The first part of this book deals with the application of new technology to pharmaceutical and biomedical analysis, reflecting the present needs for increased speed, sensitivity and selectivity in the analysis of drugs. The second chapter provides an overview of capillary electophoresis, which represents one of the most inportant analytical developments to impact directly on pharmaceutical development in recent years. Although not a chromatographic technique, capillary electrophoresis was considered too important to be ignored.
Over the last 25 years, liquid chromatography has grown into a mature analytical technique and many of the fundamental issues concerned with retention and separation are well defined. The practitioners of modern liquid chromatography spend as much time in the development of techniques for sampling handling and automation as they do in the development of the separation. Therefore, Part Two of this book describes some of the recent advances in the areas of sample handling and the isolation of compounds from biological samples, including solid phase extraction, restricted access media for direct injection, coupled column technology and microdialysis. Similarily, Part Three contains two chapters concerned with liquid chromatographic methods for the isolation of drug substances, peptides and proteins from other complex media.
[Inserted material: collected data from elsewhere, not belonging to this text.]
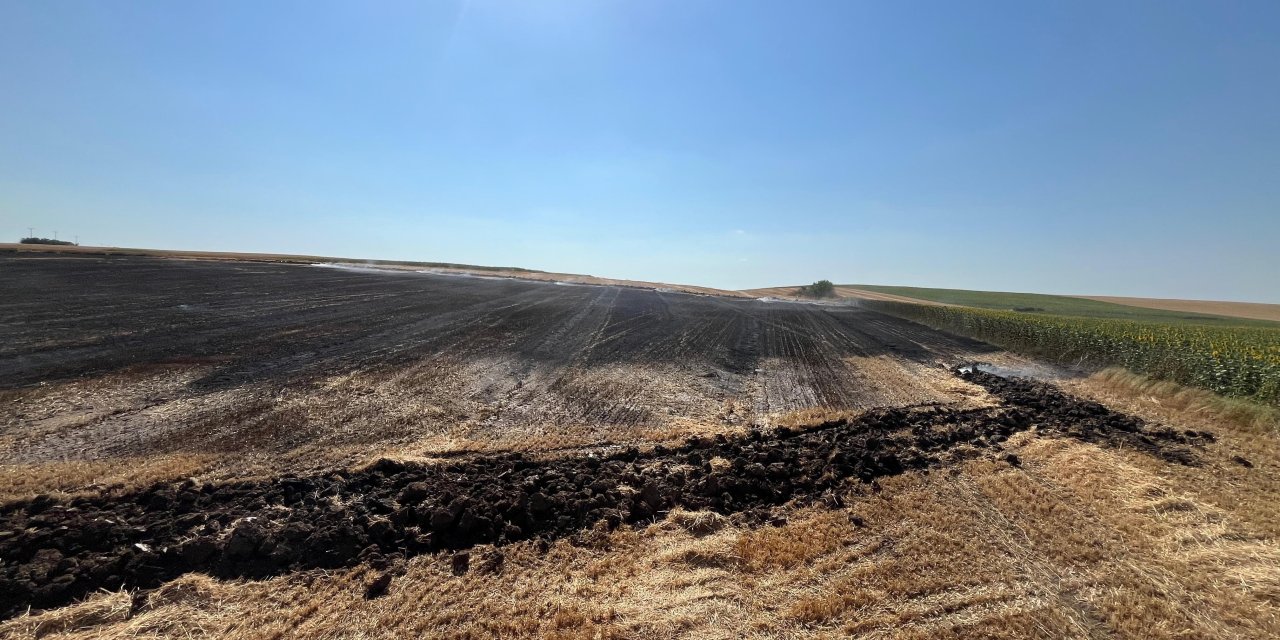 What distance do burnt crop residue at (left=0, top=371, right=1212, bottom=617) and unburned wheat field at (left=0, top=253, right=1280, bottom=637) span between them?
0.11 feet

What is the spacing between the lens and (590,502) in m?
5.27

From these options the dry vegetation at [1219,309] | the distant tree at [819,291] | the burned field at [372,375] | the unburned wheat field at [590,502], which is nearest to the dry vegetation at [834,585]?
the unburned wheat field at [590,502]

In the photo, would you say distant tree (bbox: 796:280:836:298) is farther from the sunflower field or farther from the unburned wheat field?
the unburned wheat field

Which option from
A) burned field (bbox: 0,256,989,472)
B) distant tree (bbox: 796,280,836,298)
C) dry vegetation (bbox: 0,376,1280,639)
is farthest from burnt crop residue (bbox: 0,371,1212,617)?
distant tree (bbox: 796,280,836,298)

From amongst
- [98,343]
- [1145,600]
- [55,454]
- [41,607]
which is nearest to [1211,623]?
[1145,600]

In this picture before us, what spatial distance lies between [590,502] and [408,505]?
1.79m

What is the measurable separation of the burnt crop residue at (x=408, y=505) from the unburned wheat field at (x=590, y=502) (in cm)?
3

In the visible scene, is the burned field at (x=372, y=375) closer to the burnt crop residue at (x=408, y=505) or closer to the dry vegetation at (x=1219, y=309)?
the burnt crop residue at (x=408, y=505)

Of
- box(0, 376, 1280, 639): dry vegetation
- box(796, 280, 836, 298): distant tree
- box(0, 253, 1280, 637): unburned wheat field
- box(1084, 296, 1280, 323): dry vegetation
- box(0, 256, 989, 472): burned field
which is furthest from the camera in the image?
box(796, 280, 836, 298): distant tree

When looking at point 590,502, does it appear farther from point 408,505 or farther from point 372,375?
point 372,375

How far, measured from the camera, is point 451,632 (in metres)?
3.40

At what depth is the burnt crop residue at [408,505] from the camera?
159 inches

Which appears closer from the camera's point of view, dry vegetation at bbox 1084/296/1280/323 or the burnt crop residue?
the burnt crop residue

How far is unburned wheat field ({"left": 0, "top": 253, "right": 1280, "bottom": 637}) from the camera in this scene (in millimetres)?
3656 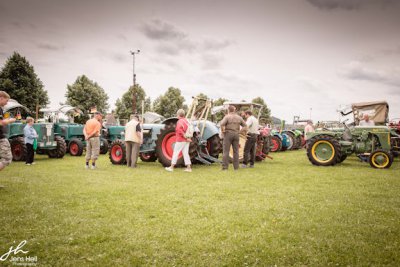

The pharmaceutical industry and the process of drug development are highly regulated and the increasing importance that the regulatory authorities attach to validation has had a significant impact on the analytical techniques used for the analysis of drugs. Although this has increased the workload of analysts in the pharmaceutical industry, it has also improved the quality of analytical methods used in the support of investigational and new drug applications as well as the quality of methods published more recently in the literature. Consequently, Part Four of this volume describes approaches to the optimization and validation of liquid chromatography methods for the analysis of drugs in the bulk form, in pharmaceutical formulations and biological fluids.